Volcan El Mocho

  • Volcan El Mocho
  • 2422 m
  • Primary factor 1587 m
  • Chile
  • Location: South 39.93212, West 072.02903 (GPS on the summit)
  • Difficulty: YDS class 2
  • Climbed January 23. 2015.


How to get there:
A good place of reference is the town of Panguipulli at the north end of lago Panguipulli. from here, drive about 50 kilometer south-east on Chile Hwy. 203, (along the NE side of the lake) to Choshuenco. Continue 11 kilometer on a good dirt road to near the SE end of lago Rinihue. Turn left and drive another 13 kilometer along a dirt road that (currently) only is suitable for a high clearance 4WD vehicle. Several men with machines and trucks were working on this road when we drove it, it is possible that the quality may improve in the future.
The road descends to the valley floor and crosses the river. You get a good view of the twin summits, Choshuenco and El Mocho, from a turnout while descending into this valley. Choshuenco dominates and looks higher, perhaps fortunately, this is not the case. This location is at S39.93702, W072.09586, elevation about 1015 meter. The Conaf station is directly uphill from this bridge. A 4WD may continue up a somewhat steepish hill to the Conaf station, then be permitted to continue several kilomter to the end of the road. (Location S39.94674, W72.06391, elevation about 1475 meter.) The road does not get appreciably worse beyond the Conaf building. An alternative is to park near the bridge and include the final section of this road in the mountain hike. If one drives to the end of the road, then this climb is one of the easiest among the Chile volcanos, the remaining section of the climb required 2.5 hours round-trip when we were there.
This is a quick summary and reference to climbs made on this trip.
Route description:
Starting from the Conaf station, continue to walk along the road. The first part is quite flat and runs in forest. Later, the road emerges from the forest and makes its way up a grassy hill. Just before the end of the road, at a short final flat section, there is a wooden pole on the left side. Somewhere here, cross left towards a large ravine and locate a small, but clear trail that runs near the steeper slope. This trail will gradually enter the more distinct moraine ridge and follow this to the beginning of a gentle snow slope at location S39.94418, W072.05306, elevation about 1660 meter.
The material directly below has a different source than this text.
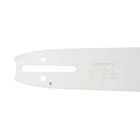 HS PARTS Professionelle Führungsschiene 26" (65 cm) 3/8" .058" (1,5 mm) + Sägekette 89 Glieder Vierkantzahn für Husqvarna 61 66 266 268 272 365 372XP 380 585 Solo 665 681 Jonsered 2077 2171 Dolmar PS6400 Makita DCS6400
Continue up on easy snow, in order to stay on snow all the way to the local horizon, the line of ascent will shift slightly left as viewed uphill. When the slope eases, you are on the small glacier that connects to the mountain. This location is at S39.93919, W072.04646, elevation about 1900 meter. The mountain will now come into view and the rest of the route can be seen. The glacier may have a few crevasses, but they are likely small and poses no problems to parties familiar with glaciers. When looking directly towards the mountain, you will see a shoulder on its left side (on the side towards the very nice looking Choshuenco. A snow slope runs all the way up from the glacier to this shoulder. From this shoulder, one can follow pretty easy slopes directly uphill to the crater rim.
Thus, first cross the glacier, climbing very gently (almost flat) to the base of the snow slope. Next, ascend this snow slope, mostly on very moderate snow, with perhaps 20 meter of slightly steeper snow near its top, stay to the left side when viewed uphill. On the shoulder, turn right and follow clear tracks from previous ascents as they zig-zag uphill. There are some loose rocks, but mostly this slope is quite stable and pretty easy to climb, nothing steep. When you reach the crater rim, turn right and walk to the highest point. This final section may be slightly easier by just walking across the flat snow in the very shallow crater.
We stayed in a small, but nice hostel in the town of Panguipulli. Leaving before daylight, we then drove to the end of the lake and onwards on dirt roads to the bridge just below the Conaf building. We crossed the bridge, then parked at the left side of the road, thinking that the hike would be nice to start from this location. As we prepared for the hike, a Conaf ranger appeared, we therefore visited his building and filled in the visitor registration book. He wanted 4000 pesos for each person for hiking/climbing in the park.
We were on our way by 0835 and reached the end of the road in one hour at 0935. Choshuenco is visible to the left, while El Mocho now is hidden behind the nearby horizon ridge. From here, a nice trail took us onwards along the moraine to the beginning of the snow where we had a short break before continuing up the snow. The weather was very nice and soon, the peak came into view. The slightly lower, but steeper Choshuenco, stood proudly to the left. We did notice old tracks in the snow that led across the glacier, but then left of our mountain. This looked consistent with the route described by Rob Woodall (see Peakbagger), from his ascent one year earlier. However, it seemed to us that a somewhat more straightforward and possibly easier route would be to just cross the small glacier, then ascend the big snow slope facing us directly ahead to the shoulder. From there, it looked very feasible to ascend directly towards the summit. We saw no reason why this would not work and therefore went ahead despite clear evidence (tracks) showing that people tended to do this climb differently. Our route turned out to be both easy and straightforward. Indeed, clear tracks from the shoulder and up to the crater rim showed that frequently climbers do go this way as well.
We arrived at the summit slightly before 1100, that is less than 1:30 from the end of the road. Good views, to nearby Choshuenco, but also north to our previous climb of Villarrica the day before. To the south, we could also see Osorno, our next goal, as well as several other peaks, among these the highest peak in this area, Lanin, at 3776 m.
We left around 1115 and were back at the road in a little less than one hour. Quite a large number of annoying flies bothered us on this grassy hill, it was actually nice to descend into the forest section to hike a bit more undisturbed. The road hike required another hour, we were back at our car slightly before 1315.
The drive back to Panguipulli went smoothly. The Conaf ranger had advised us that the road going west on the other side of the lago (which looked like a shorter route) could not be driven. We continued south to the tourist town of Puerto Varas, where we establshed a new headquarter for the next 4 nights at hotel Park Inn by Radisson.